* What is needed *
Reproduce the complete set of records exactly. No picture is to appear in the copy.

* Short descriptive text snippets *
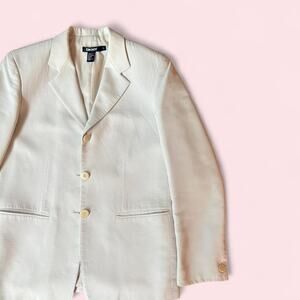 White DKNY Y2K Era Blazer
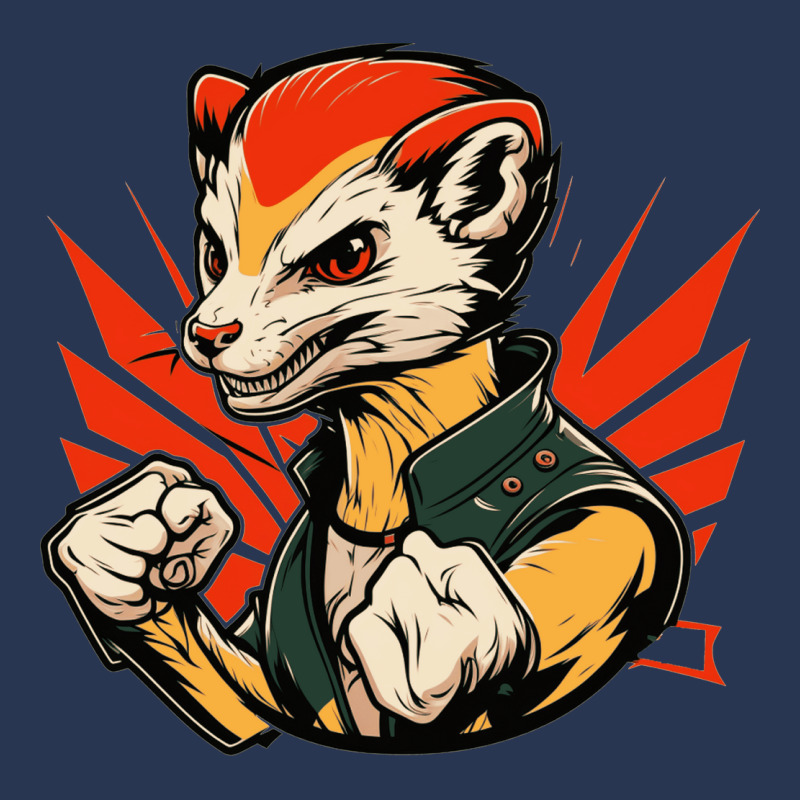 Weasel Master Angry Ladies Denim Jacket by Stephens19 | Artistshot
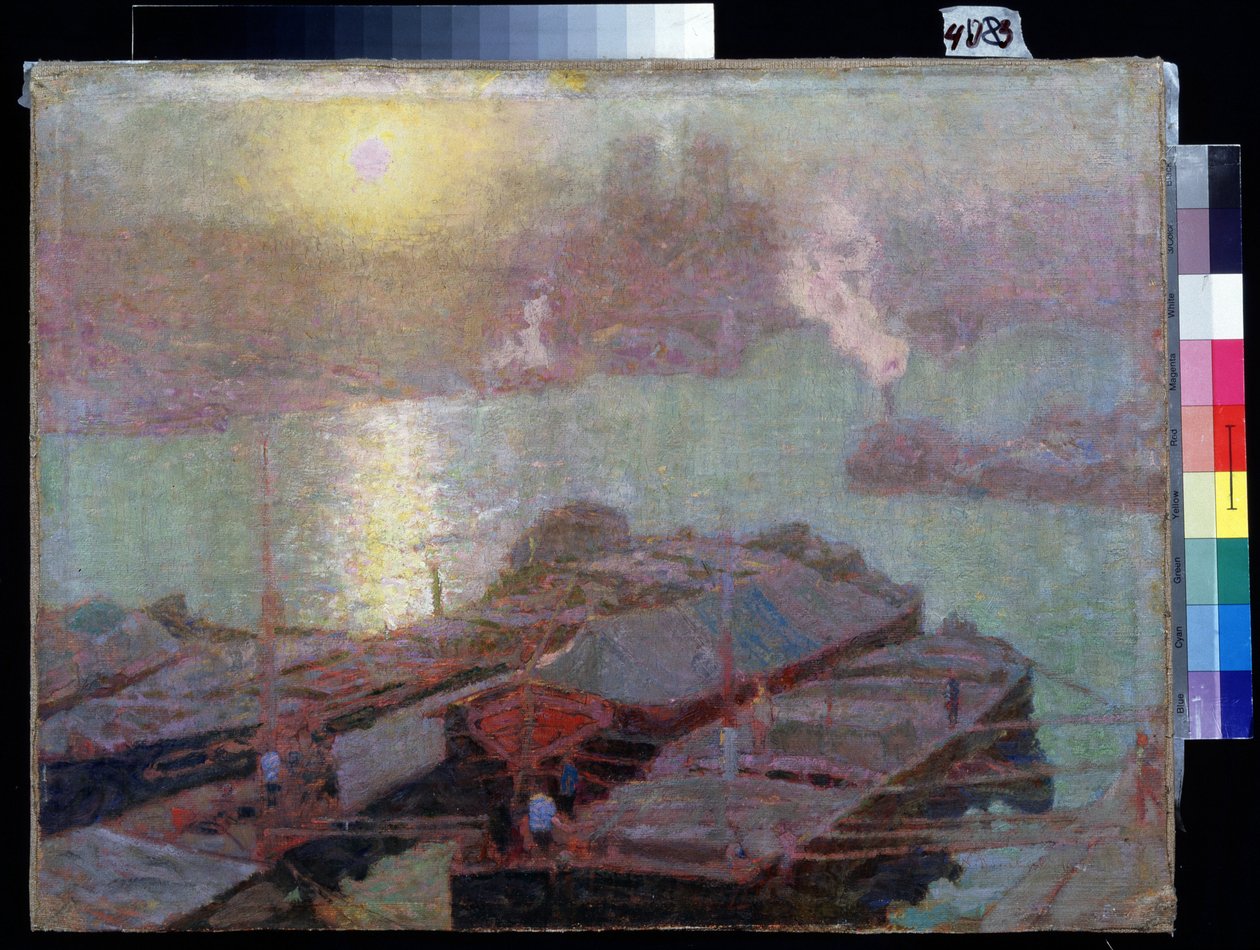 Seine Pariisissa (Seine Pariisissa). Nikolai Vasilyevich Dosekinin (1863-1935) maalaus. Öljy kankaalle, 48,2 x 63,7 cm tekijältä Nikolai Vasilyevich Dosekin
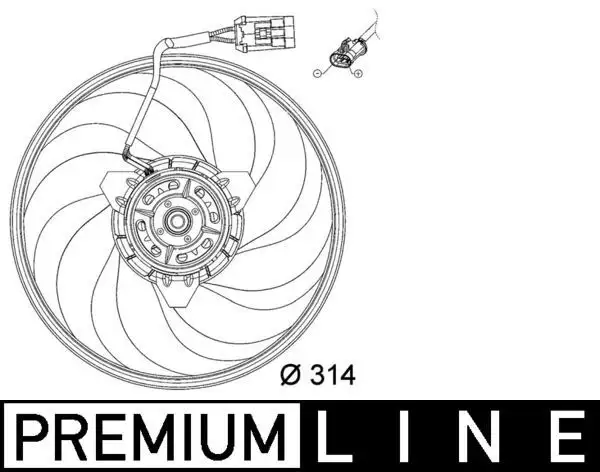 MAHLE CFF118000P Fan Motoru 1341332 resmi
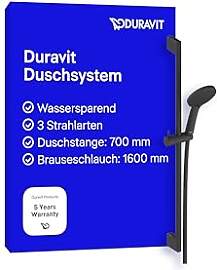 Duravit Universal Duschset, Duschkopf mit 3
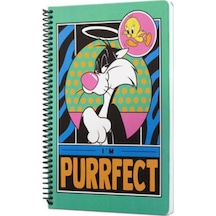 Mabbels Spiralli Defter Looney Tunes Im Perrfect Yeşil 80 YP 17x24 DFT-388630 Yeşil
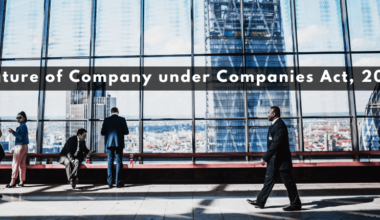 Nature of Company under Companies Act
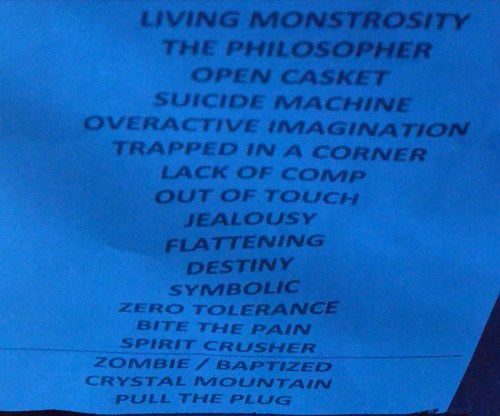 Death DTA setlist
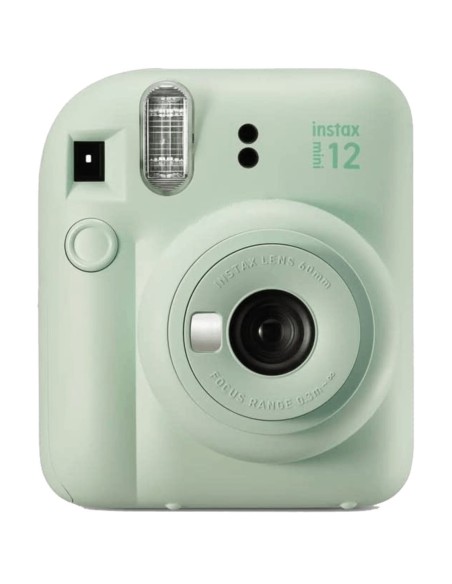 Camara fujifilm mini instax 12 flash  autoexposicion  verde menta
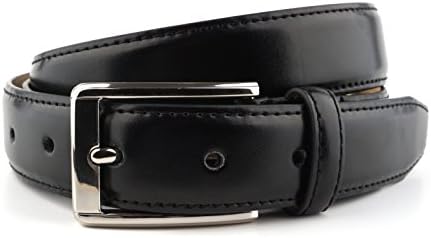 men's genuine cowhide premium belt, leather belt in black or brown available, incl.gift bag, Black , unisex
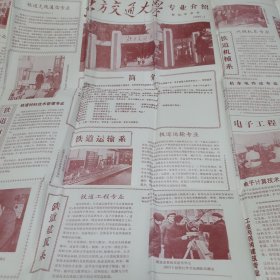 北方交通大学专用介绍 1980年招生广告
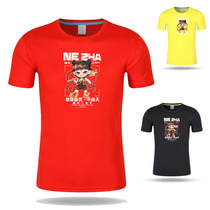 Multi-color Nezha badminton clothing tennis clothing volleyball table tennis sports quick-drying T-shirt short sleeve sweat absorption can be customized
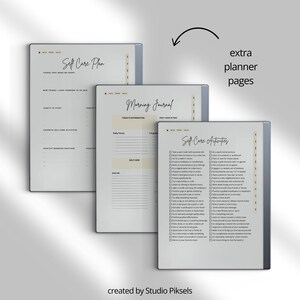 2026 Self Care Planner for reMarkable 2: Wellness Journal With Calendars, Trackers, Vision Boards and Monthly Planning Pages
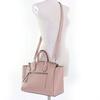 Bally Shoulder Bag SOMMET ZIP Leather 2WAY Handbag Pink Beige Leather Women Used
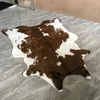 Halılar yıkanabilir halı simüle inek desen peluş halı esnek zemin yastık yatak odası hayvan baskı ev paspas dekoratif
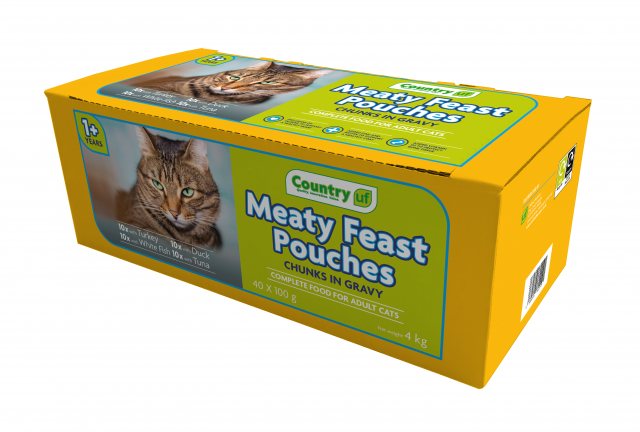 Meaty Feast Cat Food in Gravy Pouches 100g 40 Pack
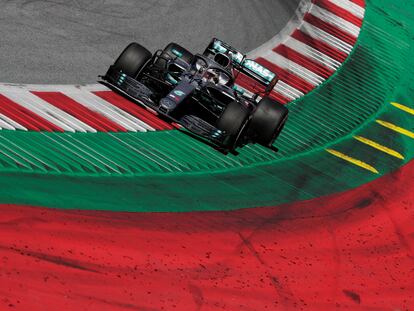 Lewis Hamilton, en el circuito de Austria la temporada pasada.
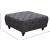 Chesterfield Linen Ottoman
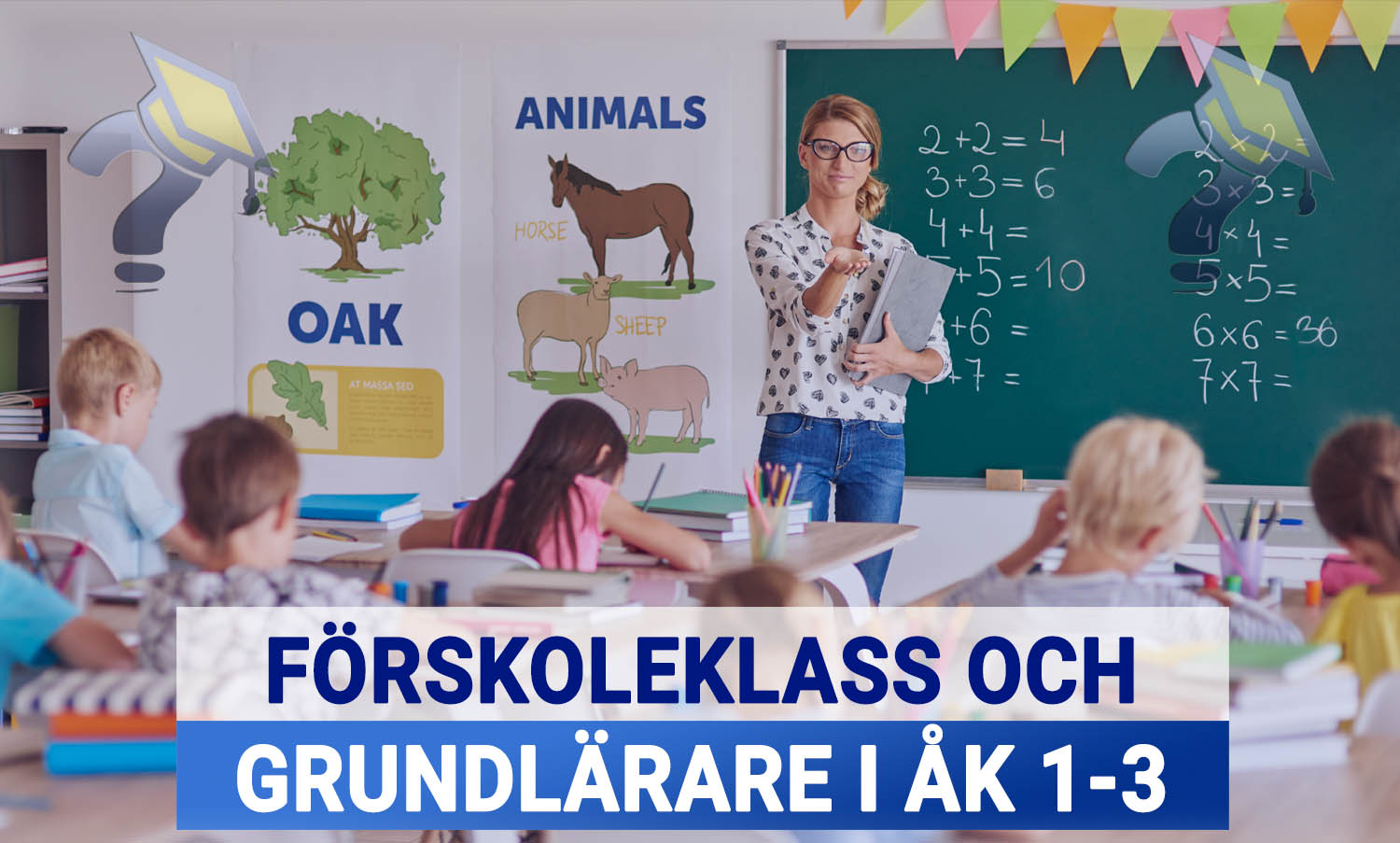 Utbildning i Förskoleklass och Grundlärare i åk 1-3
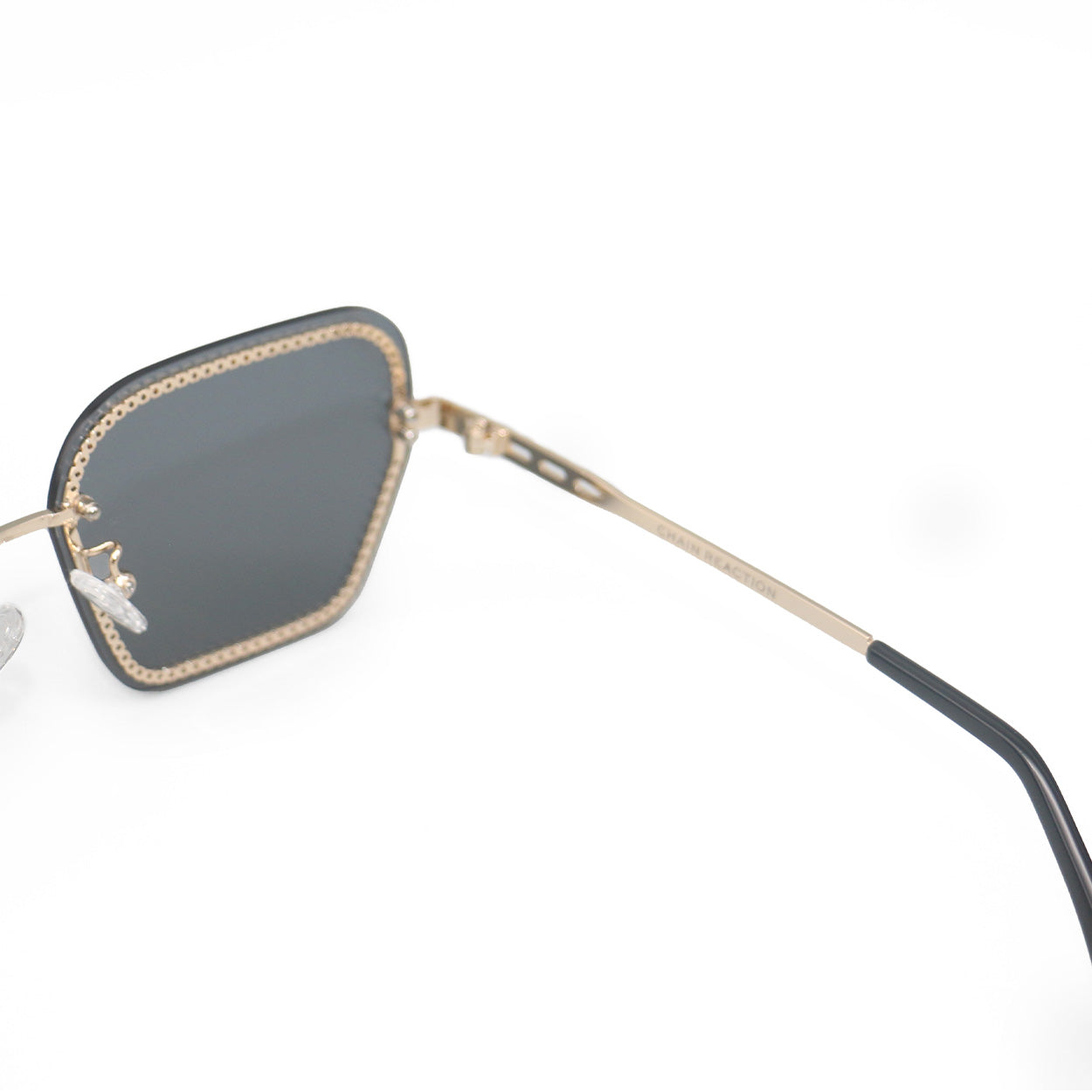 Chain Reaction Mirrored Gold Sunglasses TopFoxx Pro
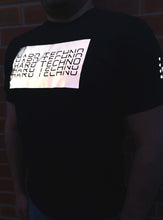Load image into Gallery viewer, HARD TECHNO :: T-Shirt :: REVERSE PRINT DESIGN :: HTV Srebrny Odblaskowy | Chrome Silver
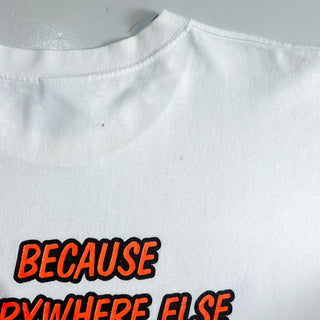 00's JERZEES "CRANK IT UP! " 企業 両面プリント Tシャツ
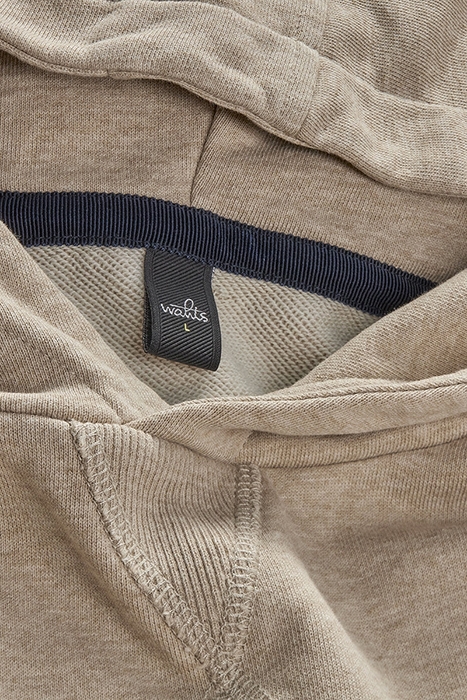 VANCE-BAND | HOODED SWEATSHIRT SAND MELANGE 2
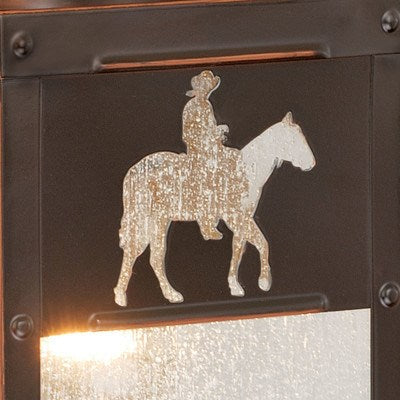 5-in Horse Outdoor Wall Light Burnished Bronze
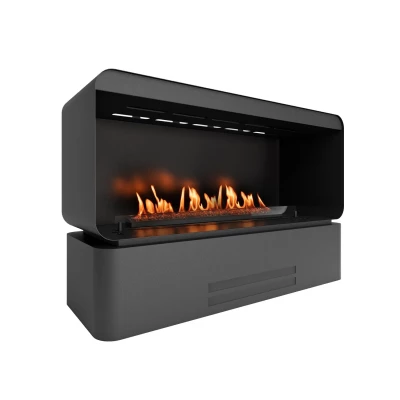Planika Retro 1000 - Freestanding remote controlled bioethanol fireplace Planika Retro 1000 - Freestanding remote controlled bioethanol fireplace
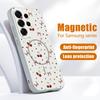 Magnetic For Magsafe Case For Samsung Galaxy S26 Ultra S25 Edge S24 Plus S23 FE S22 A17 A54 A55 A56 A57 5G Watermelon Cherry Fruits Pattern Cover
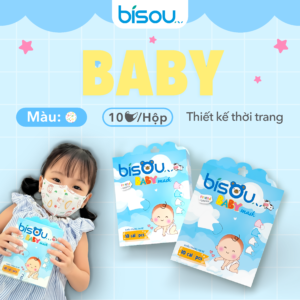 Khẩu Trang Em Bé 3D Màu Họa Tiết Trái Cây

* Response to this task *
 White DKNY Y2K Era Blazer
 Weasel Master Angry Ladies Denim Jacket by Stephens19 | Artistshot
 Seine Pariisissa (Seine Pariisissa). Nikolai Vasilyevich Dosekinin (1863-1935) maalaus. Öljy kankaalle, 48,2 x 63,7 cm tekijältä Nikolai Vasilyevich Dosekin
 MAHLE CFF118000P Fan Motoru 1341332 resmi
 Duravit Universal Duschset, Duschkopf mit 3
 Mabbels Spiralli Defter Looney Tunes Im Perrfect Yeşil 80 YP 17x24 DFT-388630 Yeşil
 Nature of Company under Companies Act
 Death DTA setlist
 Camara fujifilm mini instax 12 flash  autoexposicion  verde menta
 men's genuine cowhide premium belt, leather belt in black or brown available, incl.gift bag, Black , unisex
 北方交通大学专用介绍 1980年招生广告
 Multi-color Nezha badminton clothing tennis clothing volleyball table tennis sports quick-drying T-shirt short sleeve sweat absorption can be customized
 2026 Self Care Planner for reMarkable 2: Wellness Journal With Calendars, Trackers, Vision Boards and Monthly Planning Pages
 Bally Shoulder Bag SOMMET ZIP Leather 2WAY Handbag Pink Beige Leather Women Used
 Halılar yıkanabilir halı simüle inek desen peluş halı esnek zemin yastık yatak odası hayvan baskı ev paspas dekoratif
 Meaty Feast Cat Food in Gravy Pouches 100g 40 Pack
 Lewis Hamilton, en el circuito de Austria la temporada pasada.
 Chesterfield Linen Ottoman
 Utbildning i Förskoleklass och Grundlärare i åk 1-3
 Chain Reaction Mirrored Gold Sunglasses TopFoxx Pro
Load image into Gallery viewer, HARD TECHNO :: T-Shirt :: REVERSE PRINT DESIGN :: HTV Srebrny Odblaskowy | Chrome Silver
 00's JERZEES "CRANK IT UP! " 企業 両面プリント Tシャツ
 VANCE-BAND | HOODED SWEATSHIRT SAND MELANGE 2
 5-in Horse Outdoor Wall Light Burnished Bronze
Planika Retro 1000 - Freestanding remote controlled bioethanol fireplace Planika Retro 1000 - Freestanding remote controlled bioethanol fireplace
 Magnetic For Magsafe Case For Samsung Galaxy S26 Ultra S25 Edge S24 Plus S23 FE S22 A17 A54 A55 A56 A57 5G Watermelon Cherry Fruits Pattern Cover
 Khẩu Trang Em Bé 3D Màu Họa Tiết Trái Cây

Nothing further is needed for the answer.